• **Your instructions**: Write out the data word for word and omit every picture.

• **Dataset excerpt**:
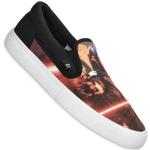 Reduzierte Schwarze Skater DC Shoes Star Star Wars Herrenskaterschuhe ohne Verschluss aus Textil leicht Größe 39,5 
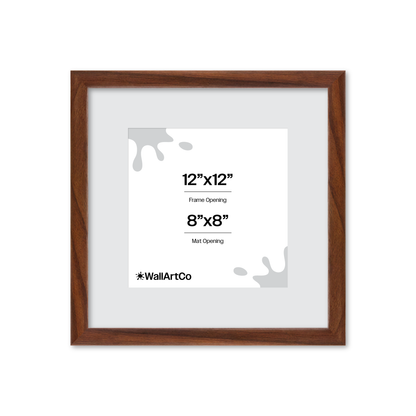 12" x 12" Dark Walnut Hudson Narrows Wall Frame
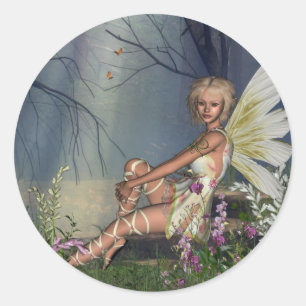 Woodland Fairy Classic Round Sticker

• **Written solution**:
 Reduzierte Schwarze Skater DC Shoes Star Star Wars Herrenskaterschuhe ohne Verschluss aus Textil leicht Größe 39,5 
 12" x 12" Dark Walnut Hudson Narrows Wall Frame
 Woodland Fairy Classic Round Sticker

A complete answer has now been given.